Exercise aim >> Shown below are entries with pictures; the line with "The JAWS screen" through the line with "By default, a" is the span to retype exactly, and the pictures stay out.

Data for this task >>
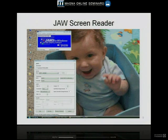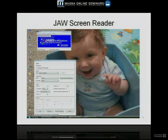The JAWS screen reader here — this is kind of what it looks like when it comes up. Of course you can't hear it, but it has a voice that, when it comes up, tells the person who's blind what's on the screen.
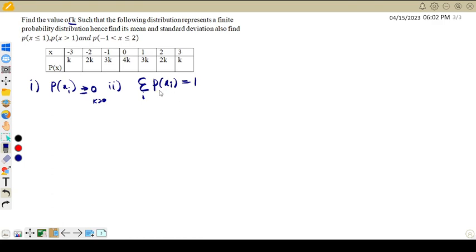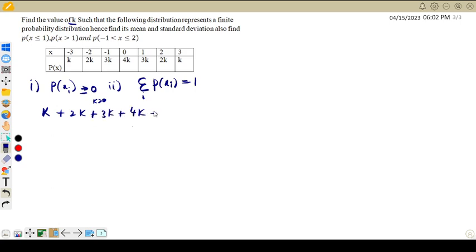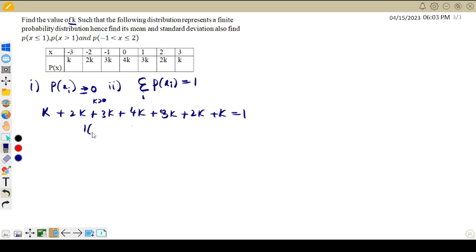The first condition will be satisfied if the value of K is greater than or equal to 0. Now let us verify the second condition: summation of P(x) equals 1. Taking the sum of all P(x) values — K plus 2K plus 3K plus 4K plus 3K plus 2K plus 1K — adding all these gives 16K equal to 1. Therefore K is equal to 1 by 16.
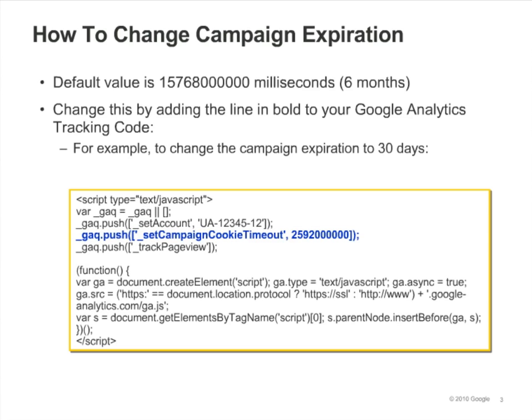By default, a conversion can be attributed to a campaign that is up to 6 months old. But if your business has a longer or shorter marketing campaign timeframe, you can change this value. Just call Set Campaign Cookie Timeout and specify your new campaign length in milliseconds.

* * *

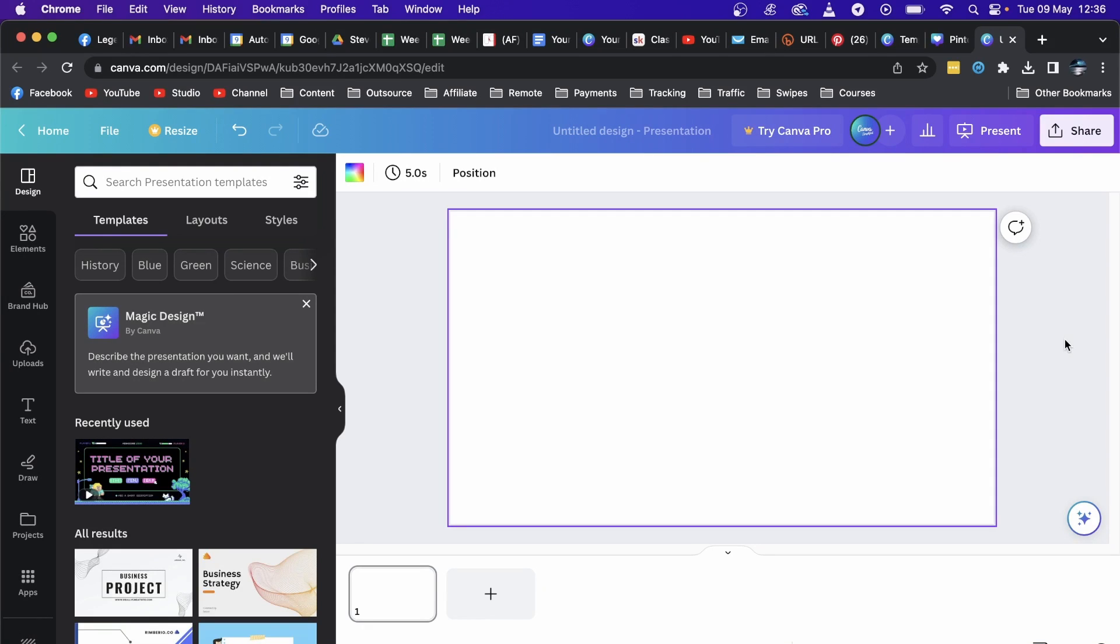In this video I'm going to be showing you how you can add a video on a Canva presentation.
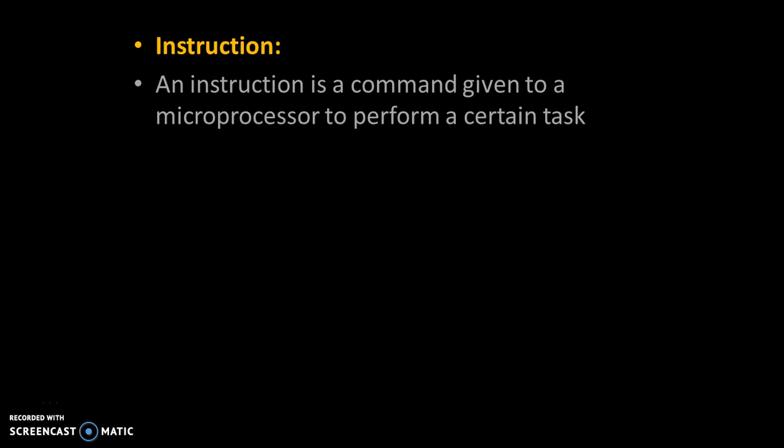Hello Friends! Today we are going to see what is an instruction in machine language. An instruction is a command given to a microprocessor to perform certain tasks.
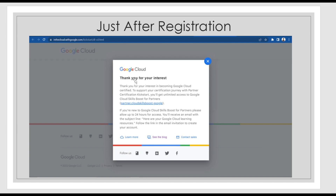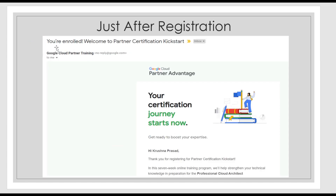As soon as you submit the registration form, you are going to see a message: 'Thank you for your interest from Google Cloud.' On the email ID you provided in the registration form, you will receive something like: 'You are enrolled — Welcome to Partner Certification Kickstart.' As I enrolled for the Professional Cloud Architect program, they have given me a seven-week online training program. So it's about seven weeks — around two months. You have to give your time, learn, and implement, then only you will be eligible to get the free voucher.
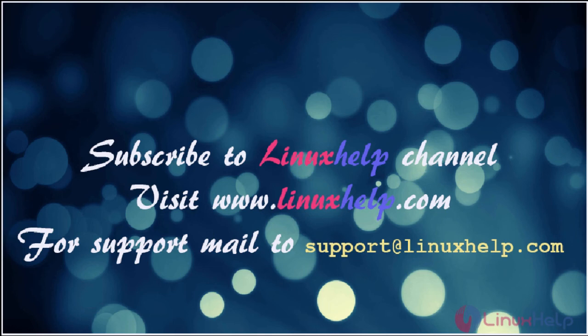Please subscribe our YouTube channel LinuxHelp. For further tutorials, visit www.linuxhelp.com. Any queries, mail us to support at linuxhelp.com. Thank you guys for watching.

---

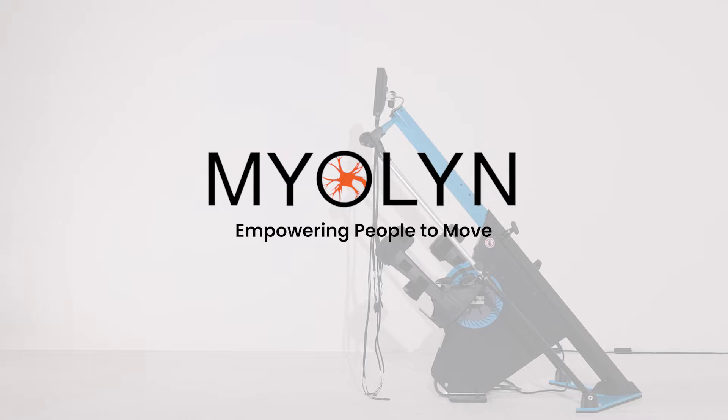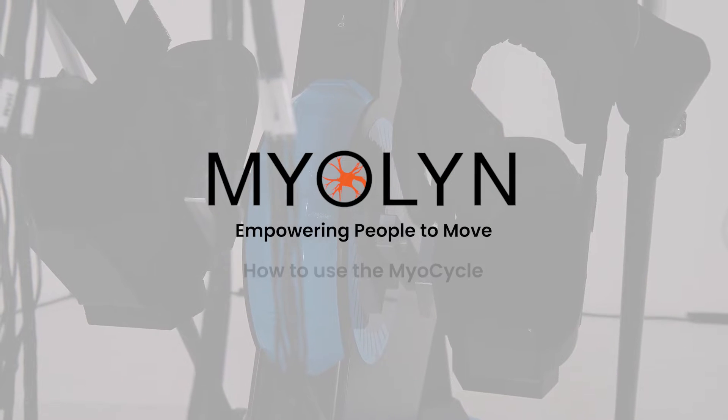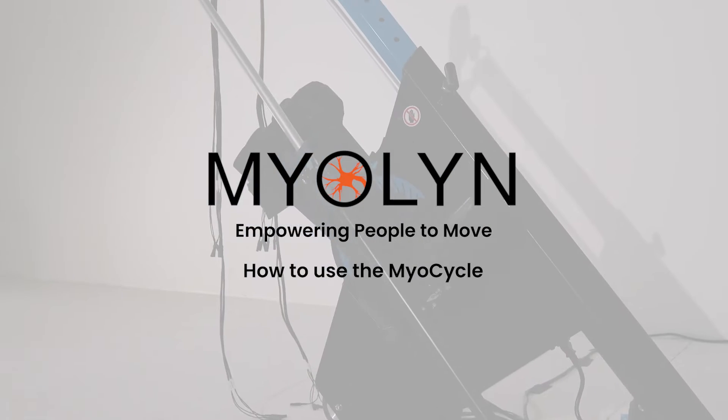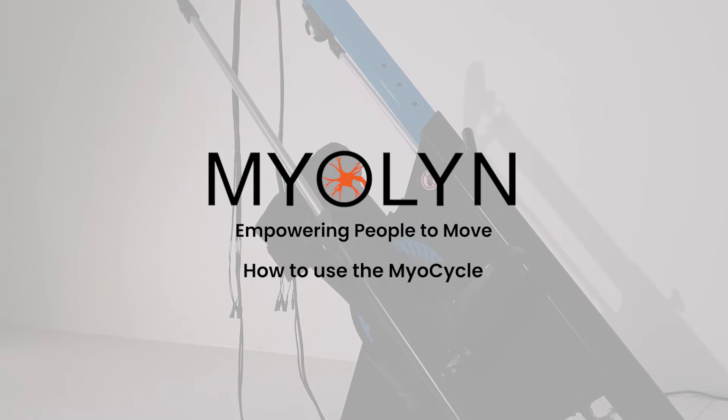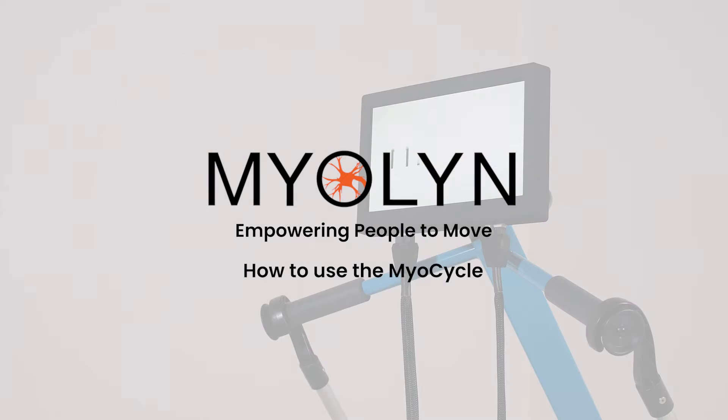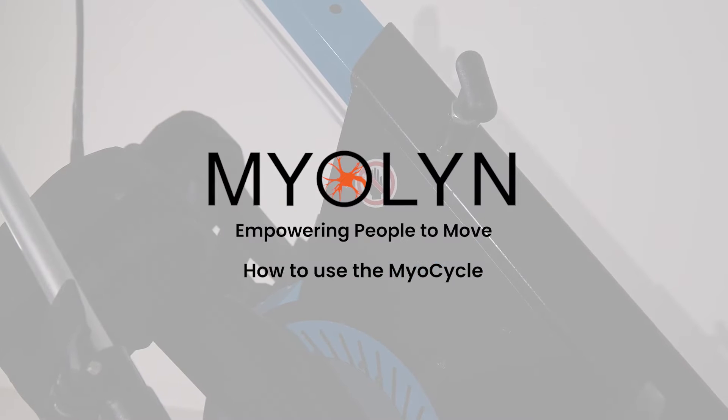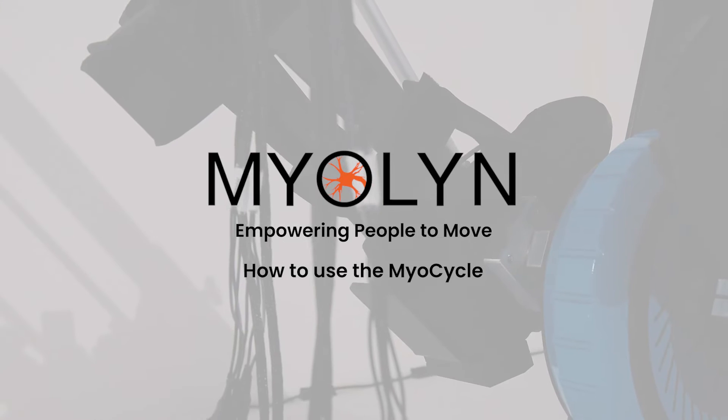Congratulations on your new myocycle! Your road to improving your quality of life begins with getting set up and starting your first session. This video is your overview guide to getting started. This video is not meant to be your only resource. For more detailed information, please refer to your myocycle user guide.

Solved exercise >>
The JAWS screen reader here — this is kind of what it looks like when it comes up. Of course you can't hear it, but it has a voice that, when it comes up, tells the person who's blind what's on the screen.
The first condition will be satisfied if the value of K is greater than or equal to 0. Now let us verify the second condition: summation of P(x) equals 1. Taking the sum of all P(x) values — K plus 2K plus 3K plus 4K plus 3K plus 2K plus 1K — adding all these gives 16K equal to 1. Therefore K is equal to 1 by 16.
By default, a conversion can be attributed to a campaign that is up to 6 months old. But if your business has a longer or shorter marketing campaign timeframe, you can change this value. Just call Set Campaign Cookie Timeout and specify your new campaign length in milliseconds.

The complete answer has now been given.